- PROBLEM REQUIREMENTS
Take the lines from the line containing "KM8J3CA48JU693243 Hyundai TUCSON SEL" through the end of the entries and output them exactly, with no pictures and nothing more.

================================

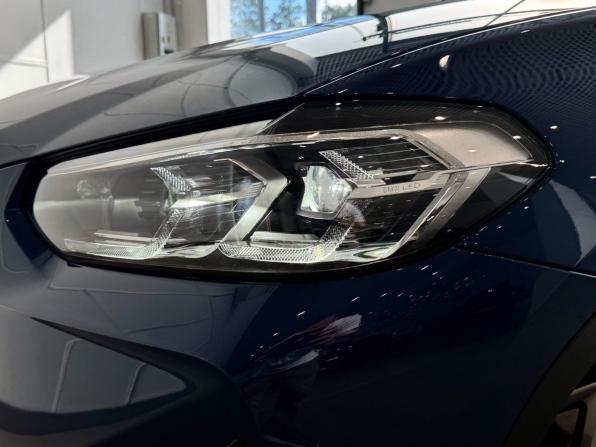 BMW X4 II (G02) Рестайлинг с пробегом 2022 года, цена 6 250 000 рублей, 29316 км, внедорожник, Автокод Объявления
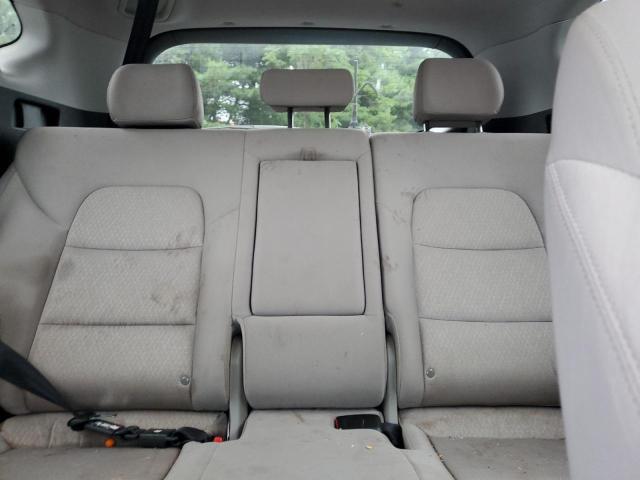 KM8J3CA48JU693243 Hyundai TUCSON SEL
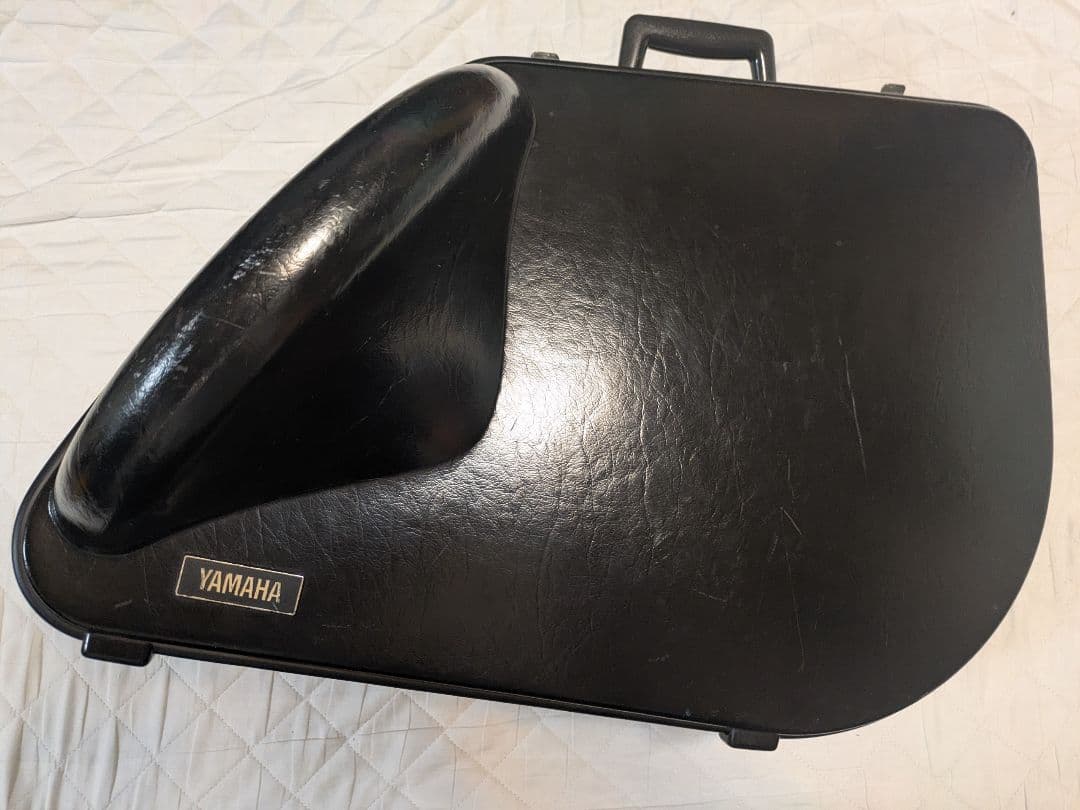 Yamaha YHR-314 Fシングルホルン 動作品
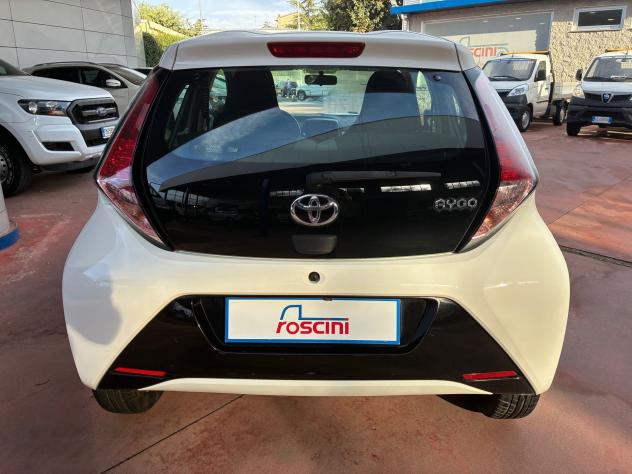 Toyota Aygo 1.0 VVT-i x-cool - Foto 5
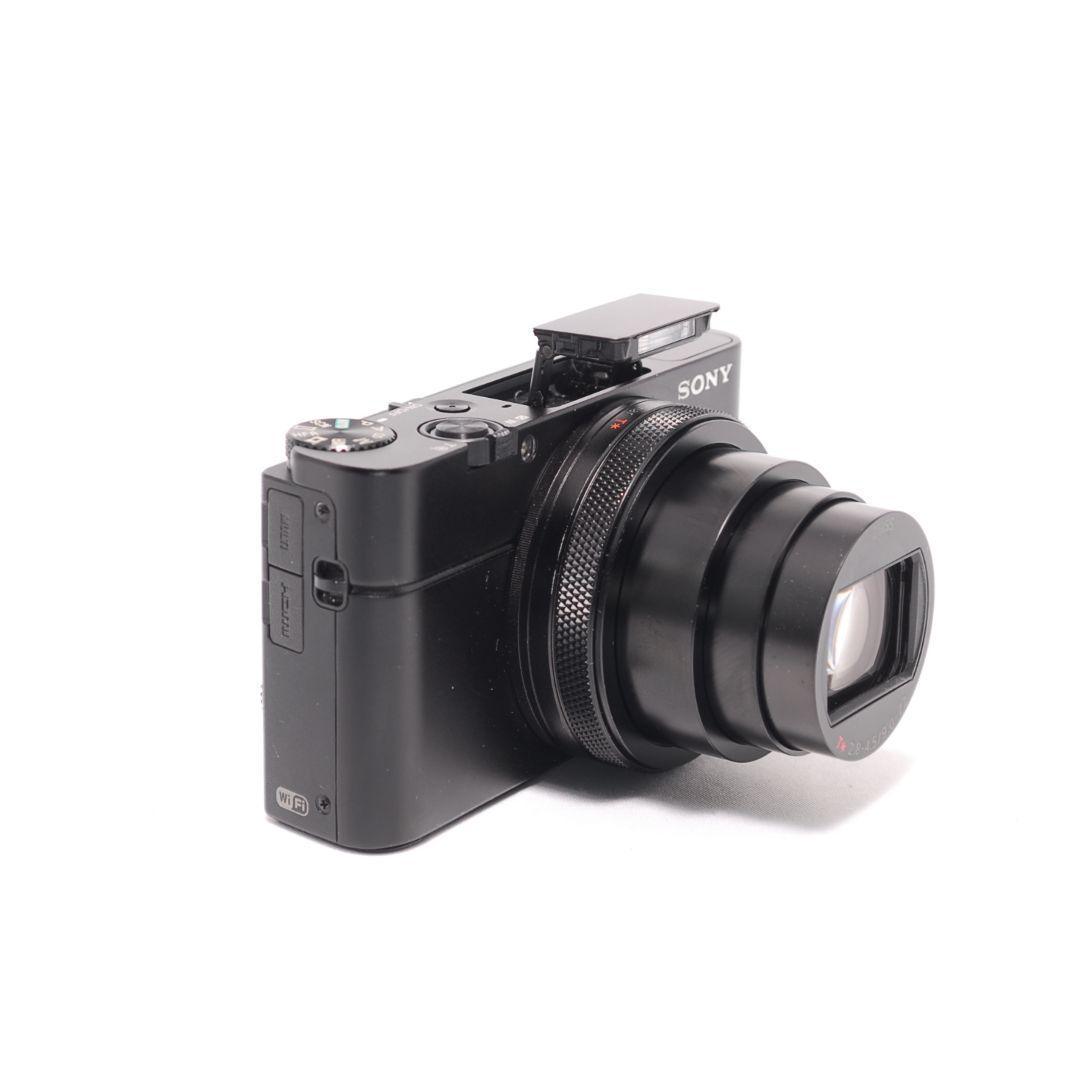 ❤即購入1000円OFF❤美品❤ ソニー Cyber-shot RX100Ⅵ
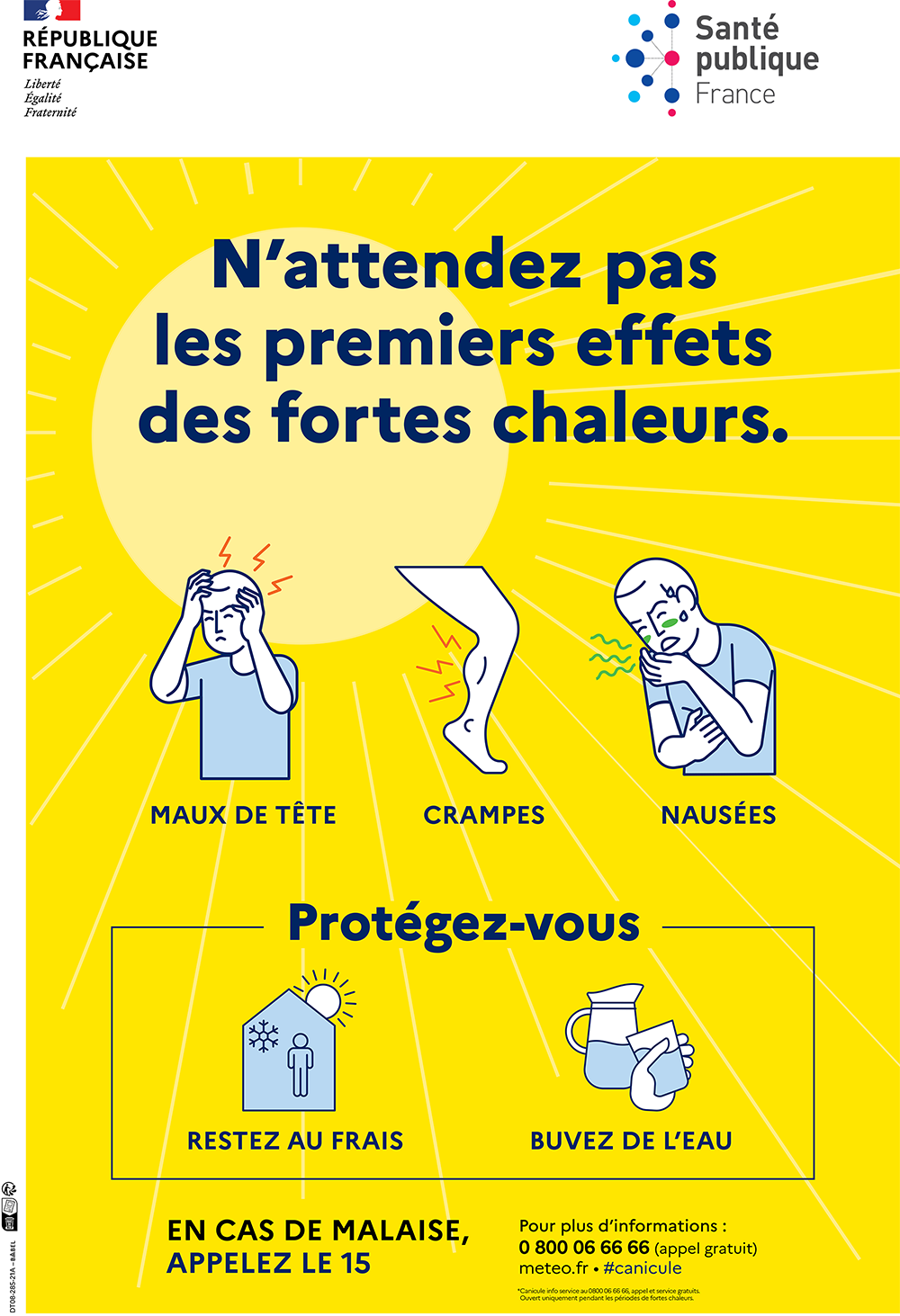 Canicule-Juin 2026 Rouffignac Dordogne Perigord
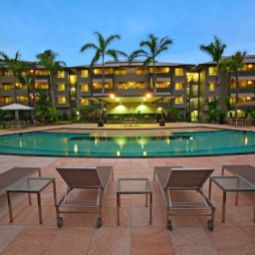  Paradise Palm Resort Fotos
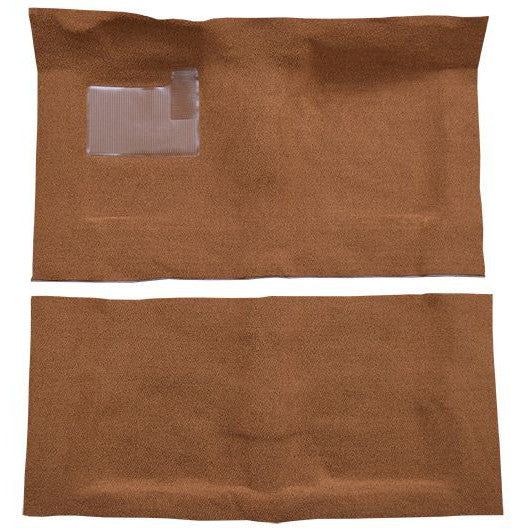 ACC Replacement Carpet Kit For 1970-1972 Buick GS 2DR 4spd without Console - CHOOSE COLOR
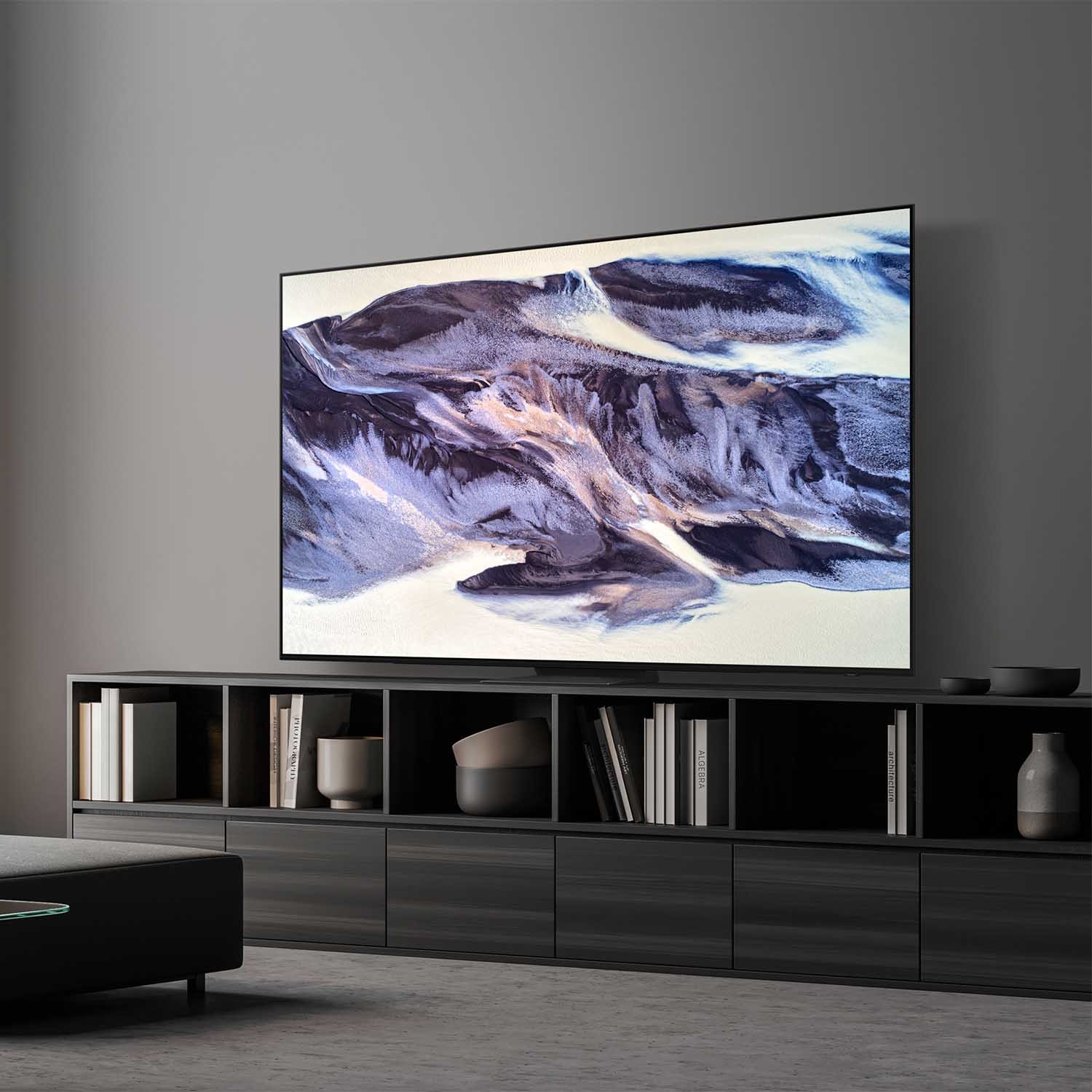 The Samsung S90D is an exclusive 4K OLED TV, combining the best of QLED and OLED technologies to give you picture quality you have to see to believe.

================================

- ANSWER BELOW
 KM8J3CA48JU693243 Hyundai TUCSON SEL
 Yamaha YHR-314 Fシングルホルン 動作品
 Toyota Aygo 1.0 VVT-i x-cool - Foto 5
 ❤即購入1000円OFF❤美品❤ ソニー Cyber-shot RX100Ⅵ
 Canicule-Juin 2026 Rouffignac Dordogne Perigord
  Paradise Palm Resort Fotos
 ACC Replacement Carpet Kit For 1970-1972 Buick GS 2DR 4spd without Console - CHOOSE COLOR
 The Samsung S90D is an exclusive 4K OLED TV, combining the best of QLED and OLED technologies to give you picture quality you have to see to believe.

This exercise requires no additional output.